Portanto, embora a Lei seja categórica – como visto – quanto ao prazo de 60 dias para as negociações antecedentes à recuperação judicial, é possível se deparar com pronunciamentos divergentes no Judiciário, razão pela qual é importante que o credor se resguarde em relação ao prazo legal, caso veja a exigibilidade de seus créditos ser suspensa por período superior ao limite legal.

 

[1] Art. 20-B. Serão admitidas conciliações e mediações antecedentes ou incidentais aos processos de recuperação judicial, notadamente:
[…]
IV – na hipótese de negociação de dívidas e respectivas formas de pagamento entre a empresa em dificuldade e seus credores, em caráter antecedente ao ajuizamento de pedido de recuperação judicial.
[…]
§ 1º Na hipótese prevista no inciso IV do caput deste artigo, será facultado às empresas em dificuldade que preencham os requisitos legais para requerer recuperação judicial obter tutela de urgência cautelar, nos termos do art. 305 e seguintes da Lei n. 13.105, de 16 de março de 2015 (Código de Processo Civil), a fim de que sejam suspensas as execuções contra elas propostas pelo prazo de até 60 (sessenta) dias, para tentativa de composição com seus credores, em procedimento de mediação ou conciliação já instaurado perante o Centro Judiciário de Solução de Conflitos e Cidadania (Cejusc) do tribunal competente ou da câmara especializada, observados, no que couber, os arts. 16 e 17 da Lei n. 13.140, de 26 de junho de 2015.
[…]
§ 3º Se houver pedido de recuperação judicial ou extrajudicial, observados os critérios desta Lei, o período
de suspensão previsto no § 1º deste artigo será deduzido do período de suspensão previsto no art. 6º desta Lei.

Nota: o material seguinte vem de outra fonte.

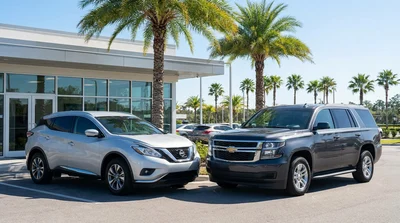 Silver standard and full-size SUVs parked side by side at an Orlando car hire lot under palm trees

[2] SACRAMONE, Marcelo Barbosa. Comentários à lei de recuperação de empresas e falência. 2.ed. São Paulo: Saraiva, 2021, p. 153

[3] TJSP; Agravo de Instrumento 2246437-52.2021.8.26.0000; Relator (a): Fortes Barbosa; Órgão Julgador: 1ª Câmara Reservada de Direito Empresarial; Foro Central Cível – 2ª Vara de Falências e Recuperações Judiciais; Data do Julgamento: 24/03/2022; Data de Registro: 24/03/2022.